__Task to complete__
Transcribe exactly, leaving out pictures, the lines from the one that holds "Código de barras" through the end of the data below, including both end lines and no others.

__Recorded information__
□ □ □ □ □

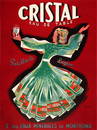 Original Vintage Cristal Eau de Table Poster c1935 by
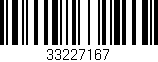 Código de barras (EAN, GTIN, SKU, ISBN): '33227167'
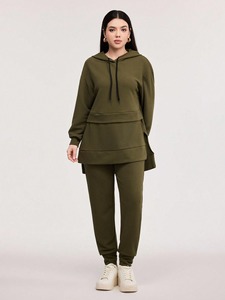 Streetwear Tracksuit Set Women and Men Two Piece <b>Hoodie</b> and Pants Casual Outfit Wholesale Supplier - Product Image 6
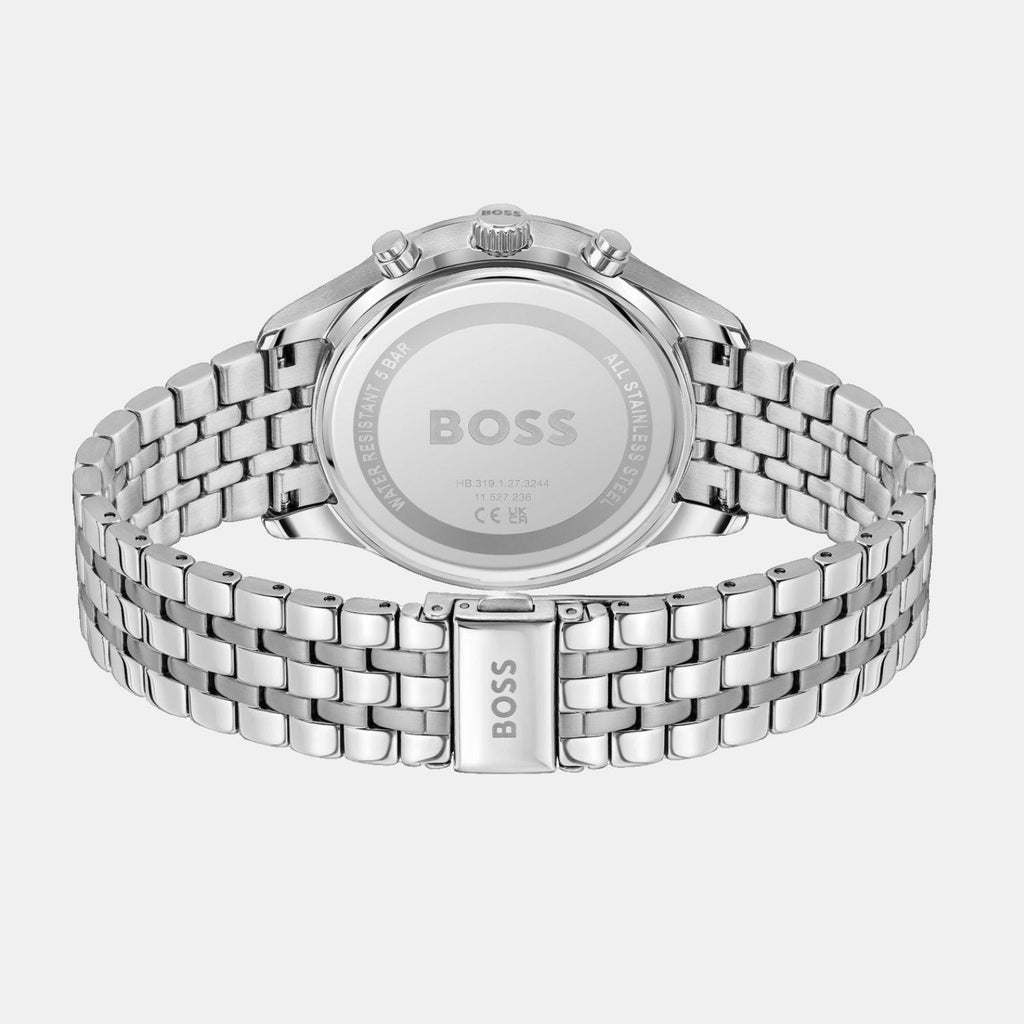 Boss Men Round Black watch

□ □ □ □ □

__Response__
 Código de barras (EAN, GTIN, SKU, ISBN): '33227167'
 Streetwear Tracksuit Set Women and Men Two Piece <b>Hoodie</b> and Pants Casual Outfit Wholesale Supplier - Product Image 6
 Boss Men Round Black watch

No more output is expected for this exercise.